Dataset excerpt:
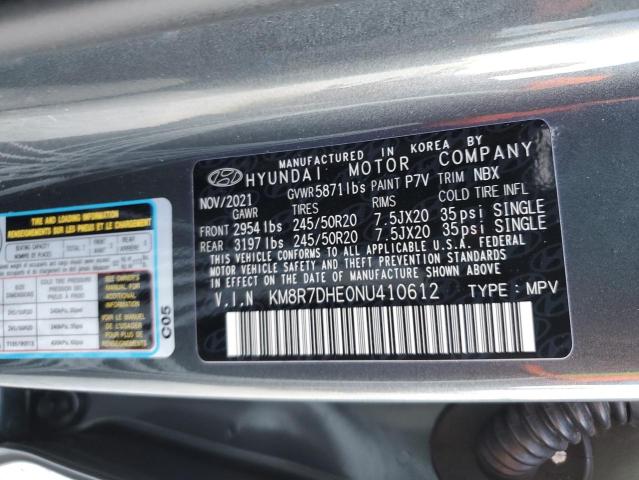 KM8R7DHE0NU410612 - 2022 HYUNDAI PALISADE C GRAY photo 10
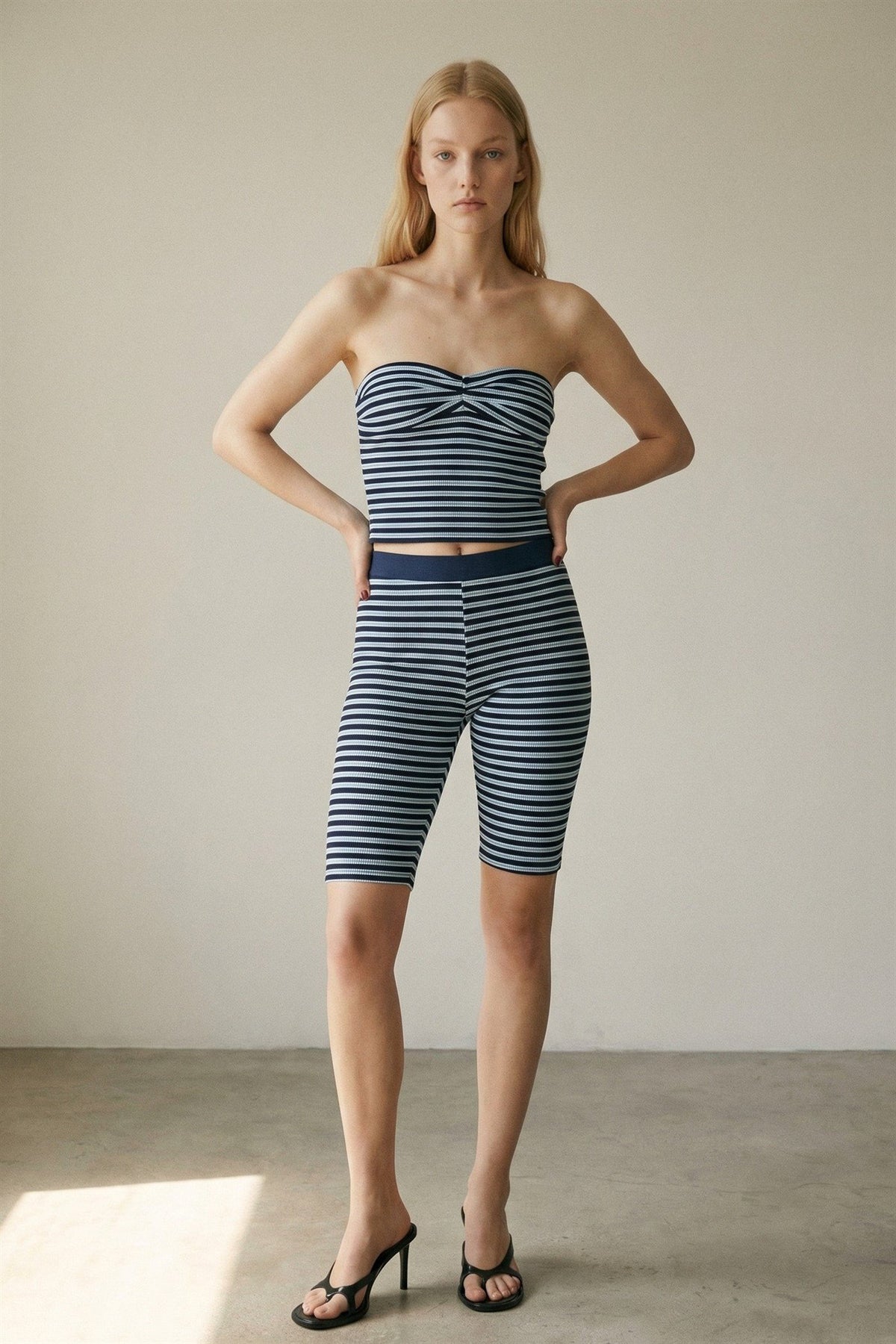 Stripe Sweetheart Strapless Top and Capri Shorts Set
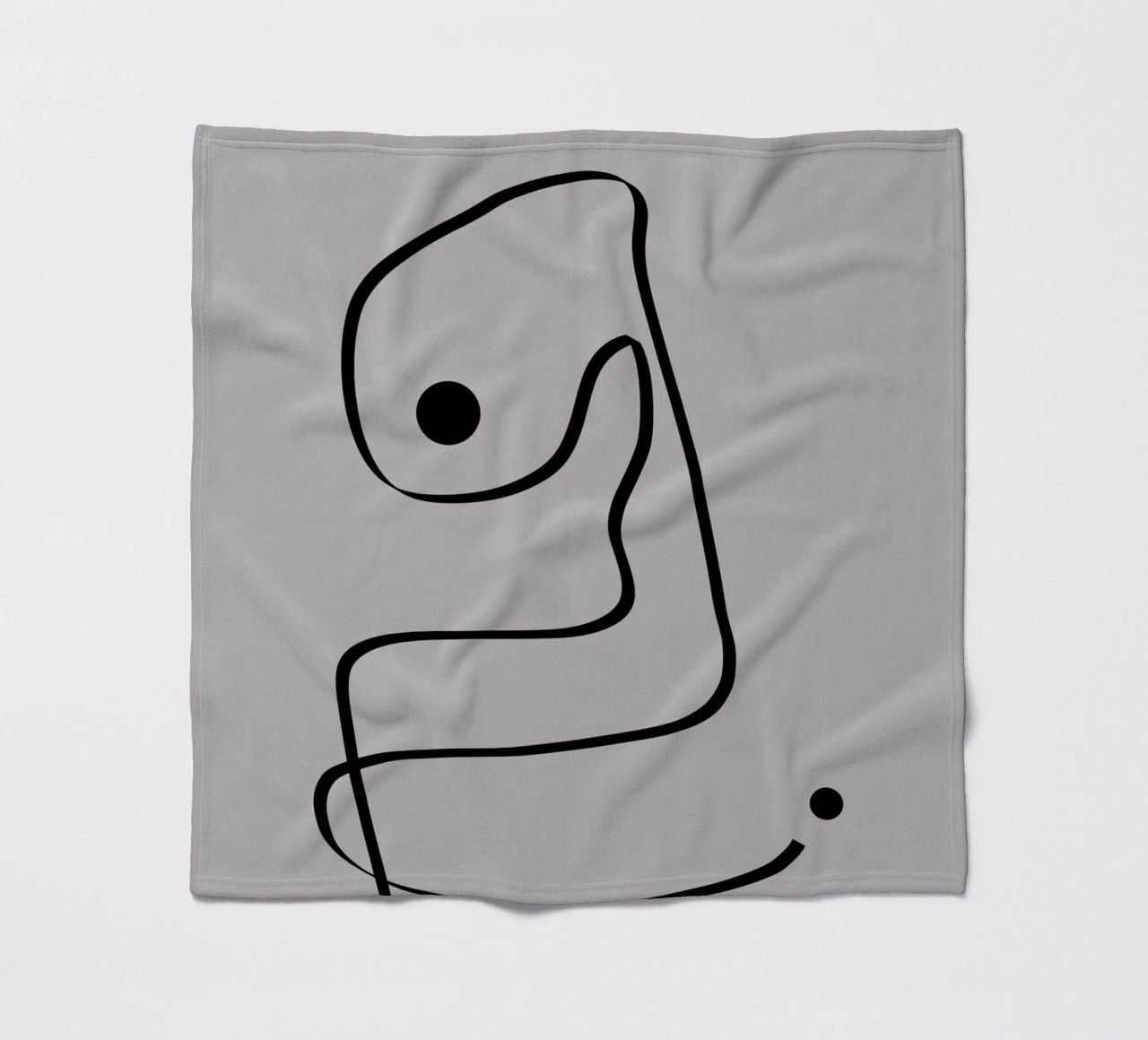 Figure with lines in taupe IV Fleecedecke von Imaginative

Your instructions:
Each line from the one with "Stripe Sweetheart Strapless" to the end of the material needs to be output word for word, with no picture included.

Reply:
 Stripe Sweetheart Strapless Top and Capri Shorts Set
 Figure with lines in taupe IV Fleecedecke von Imaginative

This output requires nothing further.